Wed. A beautiful, bright Fall day. Max and I loaded an ice cream cabinet at Robbins store this P.M. 790 lbs. Danny is right up to par again.(His two-year-old son had been sick.) Hauled four heifers on one load for Ed Lande today. (Lande owned a dairy on the island.)

Thurs. Had quite a row over the price of hauling the cabinet. We practiced the second degree at lodge this evening. Played cards till after eleven o'clock. Rainy tonight.

Mom and son "Danny"
Fri. An Acme transfer truck dented my right fender in the alley back of Fisher Co. this A.M. I don't know how I'll come out on it.

Sat.Brought Dad's big truck over so I can use it tomorrow for a moving job. We went for a ride after supper this evening. Dad and Mom went to the show. Beautiful night.

My parents' diaries from those early years of their marriage are full of descriptions of exhausting physical labor and tedious household chores. But while they had very little money and no modern conveniences, they enjoyed life in ways that cost them nothing and gave them everything that really mattered. They visited friends and family constantly, shared suppers, played cards, went on picnics, attended lodge meetings, parties, and dances. People babysat each others' children so the parents could go to "the show" at the island's theater. And they helped each other with everything from hemming new curtains to building barns. Along with the hard work, the diaries describe a time during which people never seemed too busy for each other.

Dad lived to the age of 96. That's a lot of years. But once, near the end of his life, he told me those early years, even though they included the Depression, were the best of all. I hope I will always remember, no matter how busy my day or my week, to notice and be grateful for every "Beautiful night." Be busy, but remember to be happy too.

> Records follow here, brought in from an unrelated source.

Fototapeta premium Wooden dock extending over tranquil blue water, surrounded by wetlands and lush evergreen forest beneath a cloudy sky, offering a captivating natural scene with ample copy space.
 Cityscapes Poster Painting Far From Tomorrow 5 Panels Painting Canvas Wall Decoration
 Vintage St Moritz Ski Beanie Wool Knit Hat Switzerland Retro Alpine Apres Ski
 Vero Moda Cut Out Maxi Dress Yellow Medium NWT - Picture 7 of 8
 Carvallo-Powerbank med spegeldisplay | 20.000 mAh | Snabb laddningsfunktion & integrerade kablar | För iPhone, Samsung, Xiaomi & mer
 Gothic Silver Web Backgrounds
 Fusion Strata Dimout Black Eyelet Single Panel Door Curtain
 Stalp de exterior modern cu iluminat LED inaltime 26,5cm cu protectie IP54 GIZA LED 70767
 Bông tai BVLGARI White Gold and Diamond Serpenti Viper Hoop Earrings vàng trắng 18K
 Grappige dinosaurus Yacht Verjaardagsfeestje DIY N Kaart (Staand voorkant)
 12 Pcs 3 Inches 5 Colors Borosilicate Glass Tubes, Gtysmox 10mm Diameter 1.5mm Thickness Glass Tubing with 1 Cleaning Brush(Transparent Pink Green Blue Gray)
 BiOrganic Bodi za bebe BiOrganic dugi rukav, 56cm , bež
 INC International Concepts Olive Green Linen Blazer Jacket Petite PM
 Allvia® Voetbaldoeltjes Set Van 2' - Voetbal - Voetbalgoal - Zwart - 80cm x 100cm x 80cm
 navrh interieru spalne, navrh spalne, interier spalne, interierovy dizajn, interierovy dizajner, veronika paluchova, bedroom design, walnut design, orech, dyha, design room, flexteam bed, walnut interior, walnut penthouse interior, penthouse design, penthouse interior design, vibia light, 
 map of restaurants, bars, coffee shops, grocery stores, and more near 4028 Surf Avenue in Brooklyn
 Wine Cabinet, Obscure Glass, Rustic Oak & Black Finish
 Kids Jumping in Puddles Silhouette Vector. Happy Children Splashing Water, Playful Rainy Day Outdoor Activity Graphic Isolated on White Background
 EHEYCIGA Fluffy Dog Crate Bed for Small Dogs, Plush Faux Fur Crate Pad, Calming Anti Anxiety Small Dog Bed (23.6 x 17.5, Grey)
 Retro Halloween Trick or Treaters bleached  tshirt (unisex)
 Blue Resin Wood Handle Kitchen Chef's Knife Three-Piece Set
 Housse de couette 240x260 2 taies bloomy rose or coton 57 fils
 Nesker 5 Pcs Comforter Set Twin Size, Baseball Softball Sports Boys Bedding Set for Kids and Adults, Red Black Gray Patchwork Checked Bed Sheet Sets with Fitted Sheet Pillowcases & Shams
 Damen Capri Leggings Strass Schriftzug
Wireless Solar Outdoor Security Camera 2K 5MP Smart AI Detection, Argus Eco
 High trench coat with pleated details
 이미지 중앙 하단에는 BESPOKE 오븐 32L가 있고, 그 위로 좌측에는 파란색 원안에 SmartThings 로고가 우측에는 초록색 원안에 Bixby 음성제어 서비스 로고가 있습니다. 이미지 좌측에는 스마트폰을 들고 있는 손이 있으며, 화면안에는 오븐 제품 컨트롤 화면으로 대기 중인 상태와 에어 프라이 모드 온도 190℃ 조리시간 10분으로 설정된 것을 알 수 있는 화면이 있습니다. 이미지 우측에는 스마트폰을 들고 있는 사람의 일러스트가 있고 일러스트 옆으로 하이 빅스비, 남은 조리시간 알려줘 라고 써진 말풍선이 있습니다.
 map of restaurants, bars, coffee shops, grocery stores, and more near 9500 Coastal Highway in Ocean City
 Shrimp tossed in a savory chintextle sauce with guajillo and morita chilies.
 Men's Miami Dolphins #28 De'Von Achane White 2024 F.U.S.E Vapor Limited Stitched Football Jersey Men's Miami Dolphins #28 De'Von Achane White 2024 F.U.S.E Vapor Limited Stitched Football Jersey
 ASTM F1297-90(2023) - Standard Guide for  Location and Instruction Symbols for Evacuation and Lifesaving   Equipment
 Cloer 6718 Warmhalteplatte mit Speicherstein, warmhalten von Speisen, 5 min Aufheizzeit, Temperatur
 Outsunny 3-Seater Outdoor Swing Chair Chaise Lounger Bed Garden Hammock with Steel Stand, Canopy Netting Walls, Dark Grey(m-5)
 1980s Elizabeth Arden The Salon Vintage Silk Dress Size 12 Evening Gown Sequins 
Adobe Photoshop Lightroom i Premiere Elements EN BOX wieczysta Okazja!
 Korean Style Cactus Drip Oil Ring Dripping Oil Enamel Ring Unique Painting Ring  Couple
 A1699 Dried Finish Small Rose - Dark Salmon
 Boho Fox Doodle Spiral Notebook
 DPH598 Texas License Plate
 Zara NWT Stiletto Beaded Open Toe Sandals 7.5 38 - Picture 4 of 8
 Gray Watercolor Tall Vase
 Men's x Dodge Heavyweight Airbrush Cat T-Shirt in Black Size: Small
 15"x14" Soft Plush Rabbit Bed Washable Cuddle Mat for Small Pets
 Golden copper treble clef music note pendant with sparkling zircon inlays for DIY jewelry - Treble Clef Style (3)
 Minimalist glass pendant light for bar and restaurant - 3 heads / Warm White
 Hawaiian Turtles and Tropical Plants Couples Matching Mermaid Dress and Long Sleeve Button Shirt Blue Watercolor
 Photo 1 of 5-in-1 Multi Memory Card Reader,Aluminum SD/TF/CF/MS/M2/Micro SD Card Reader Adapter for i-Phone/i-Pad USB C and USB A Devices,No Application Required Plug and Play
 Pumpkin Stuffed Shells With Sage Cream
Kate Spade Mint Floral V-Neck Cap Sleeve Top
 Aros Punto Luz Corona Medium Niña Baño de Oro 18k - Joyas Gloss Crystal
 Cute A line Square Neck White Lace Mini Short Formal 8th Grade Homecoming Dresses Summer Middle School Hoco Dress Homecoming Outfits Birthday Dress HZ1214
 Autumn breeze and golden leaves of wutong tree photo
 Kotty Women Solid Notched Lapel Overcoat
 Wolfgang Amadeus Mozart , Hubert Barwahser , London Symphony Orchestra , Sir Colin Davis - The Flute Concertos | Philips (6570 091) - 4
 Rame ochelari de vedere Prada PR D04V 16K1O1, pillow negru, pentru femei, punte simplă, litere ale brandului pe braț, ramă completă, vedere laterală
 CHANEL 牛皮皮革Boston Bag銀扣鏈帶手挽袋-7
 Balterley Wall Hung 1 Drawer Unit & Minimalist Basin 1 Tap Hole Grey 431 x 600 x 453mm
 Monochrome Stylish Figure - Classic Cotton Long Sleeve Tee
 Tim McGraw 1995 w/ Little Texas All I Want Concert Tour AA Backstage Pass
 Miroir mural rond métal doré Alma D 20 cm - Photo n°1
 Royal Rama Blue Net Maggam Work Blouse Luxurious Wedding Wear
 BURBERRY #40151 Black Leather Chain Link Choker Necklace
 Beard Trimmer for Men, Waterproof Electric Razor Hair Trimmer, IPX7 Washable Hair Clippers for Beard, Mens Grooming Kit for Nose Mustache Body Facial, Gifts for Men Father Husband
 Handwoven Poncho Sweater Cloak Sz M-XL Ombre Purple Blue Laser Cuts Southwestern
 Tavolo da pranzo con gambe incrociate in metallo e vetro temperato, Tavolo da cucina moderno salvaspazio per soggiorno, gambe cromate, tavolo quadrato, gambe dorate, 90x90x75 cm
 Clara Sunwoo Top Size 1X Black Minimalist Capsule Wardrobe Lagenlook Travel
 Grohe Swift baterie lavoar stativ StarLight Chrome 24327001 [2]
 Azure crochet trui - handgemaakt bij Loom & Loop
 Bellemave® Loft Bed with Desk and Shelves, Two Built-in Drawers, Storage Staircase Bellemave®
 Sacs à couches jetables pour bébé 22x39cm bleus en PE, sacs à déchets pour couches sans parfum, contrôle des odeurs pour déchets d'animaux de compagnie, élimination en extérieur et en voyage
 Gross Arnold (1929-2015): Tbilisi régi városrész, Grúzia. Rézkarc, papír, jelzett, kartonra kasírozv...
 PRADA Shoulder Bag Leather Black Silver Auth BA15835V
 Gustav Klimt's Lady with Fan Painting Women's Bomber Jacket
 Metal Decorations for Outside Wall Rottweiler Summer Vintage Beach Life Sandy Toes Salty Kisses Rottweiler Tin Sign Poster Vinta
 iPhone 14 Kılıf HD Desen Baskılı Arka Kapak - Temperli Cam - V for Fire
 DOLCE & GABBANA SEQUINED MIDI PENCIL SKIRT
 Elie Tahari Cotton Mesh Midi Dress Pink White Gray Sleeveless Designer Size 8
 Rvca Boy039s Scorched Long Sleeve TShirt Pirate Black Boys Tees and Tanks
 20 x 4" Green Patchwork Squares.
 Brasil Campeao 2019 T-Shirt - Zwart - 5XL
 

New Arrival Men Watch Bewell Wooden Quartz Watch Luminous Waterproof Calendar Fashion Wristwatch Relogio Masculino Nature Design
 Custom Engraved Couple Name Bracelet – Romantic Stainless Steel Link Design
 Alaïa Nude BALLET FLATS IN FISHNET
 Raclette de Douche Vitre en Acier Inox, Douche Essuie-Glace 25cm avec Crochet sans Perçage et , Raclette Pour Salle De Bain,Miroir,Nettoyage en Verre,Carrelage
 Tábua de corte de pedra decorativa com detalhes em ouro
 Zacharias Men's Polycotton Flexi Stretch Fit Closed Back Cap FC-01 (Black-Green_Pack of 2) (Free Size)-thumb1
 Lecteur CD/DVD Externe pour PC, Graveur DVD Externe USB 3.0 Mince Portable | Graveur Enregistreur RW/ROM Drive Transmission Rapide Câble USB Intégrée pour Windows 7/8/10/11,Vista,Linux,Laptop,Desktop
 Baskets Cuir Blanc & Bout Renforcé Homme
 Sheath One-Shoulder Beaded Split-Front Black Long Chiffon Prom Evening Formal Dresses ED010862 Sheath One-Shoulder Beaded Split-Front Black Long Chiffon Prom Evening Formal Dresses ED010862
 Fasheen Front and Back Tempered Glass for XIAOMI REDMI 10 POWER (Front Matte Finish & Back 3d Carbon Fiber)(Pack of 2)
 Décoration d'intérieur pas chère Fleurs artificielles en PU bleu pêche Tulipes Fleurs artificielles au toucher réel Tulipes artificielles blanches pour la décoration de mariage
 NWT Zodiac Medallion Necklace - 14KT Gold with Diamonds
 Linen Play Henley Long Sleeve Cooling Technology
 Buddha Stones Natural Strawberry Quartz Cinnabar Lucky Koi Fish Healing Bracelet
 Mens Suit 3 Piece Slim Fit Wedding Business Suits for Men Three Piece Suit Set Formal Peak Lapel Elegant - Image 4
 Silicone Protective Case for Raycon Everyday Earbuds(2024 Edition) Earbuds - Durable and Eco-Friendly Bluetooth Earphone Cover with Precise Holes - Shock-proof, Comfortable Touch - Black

 Copyright 2010 Candace J. Brown


Anonymous said...

Remembering and celebrating your parents is a good way to be "busy"! But making time for lunch with that lifelong friend might be more important than anything else you have in front of you. Don't mean to lecture, but people do disappear when we're not prepared for it -- and lunch with a friend reminds us of many solaces: the pleasure of sharing a meal, the delights of memory and conversation. So insist on a date, pick a place, and go for it. Your readers insist!

Anonymous said...

This is such a winderful blog..I was born in 1939, and as far back as I can remember, life was hard. The love that my blessed Mother gave us made up for all the bad times. How wonderful that you have your father's memories, written by him. I think I hae to agree with Jazzlives here..Memories that you and your friend made in your earlier years, making more new ones, is so important....Life passes us by so quickly, and sometimes it's too late to make "new memories." So much for that....I loved reading yours and your fathers writings.